• [WORK REQUEST] Return, exactly as written, the lines of the material from its top through the line with "Die oversized Bomberjacke", keeping pictures out.

• [PROVIDED DATA]
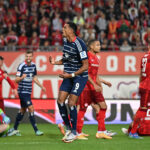 Bereits seit Oktober muss der HSV wegen eines Sehnenrisses auf seinen Top-Torjäger Robert Glatzel verzichten. Doch ein Ende dieser Leidenszeit ist in Sicht: Schon gegen den 1. FC Magdeburg soll Glatzel wieder zum Aufgebot der Rothosen zählen.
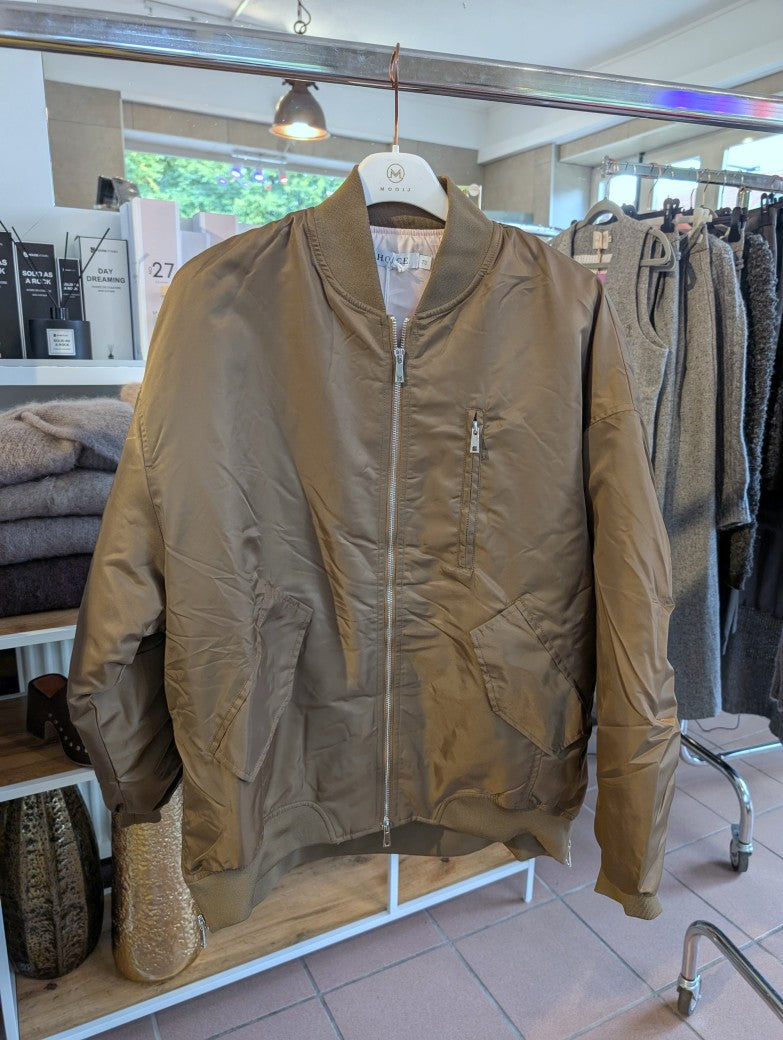 Die oversized Bomberjacke aus hochwertigem Nylon verbindet urbanen Stil mit angenehmem Tragekomfort - mega stylisch in dunklem Taupe mit dezentem Goldschimmer!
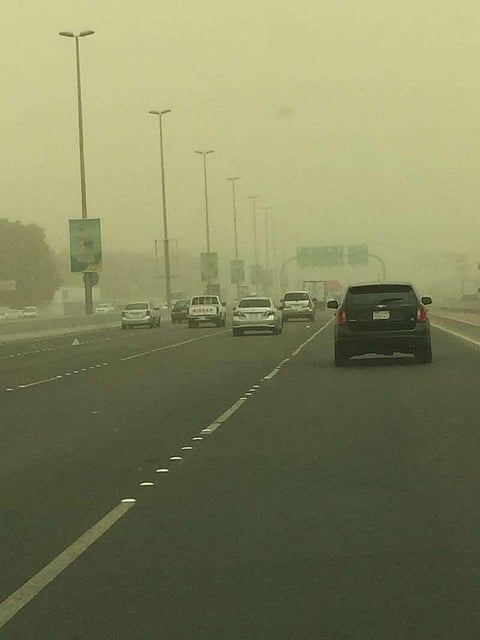 العواصف الرملية تستمر على جدة .. و"المرور": سجّلنا 15 حادثاً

• [PROBLEM SOLUTION]
 Bereits seit Oktober muss der HSV wegen eines Sehnenrisses auf seinen Top-Torjäger Robert Glatzel verzichten. Doch ein Ende dieser Leidenszeit ist in Sicht: Schon gegen den 1. FC Magdeburg soll Glatzel wieder zum Aufgebot der Rothosen zählen.
 Die oversized Bomberjacke aus hochwertigem Nylon verbindet urbanen Stil mit angenehmem Tragekomfort - mega stylisch in dunklem Taupe mit dezentem Goldschimmer!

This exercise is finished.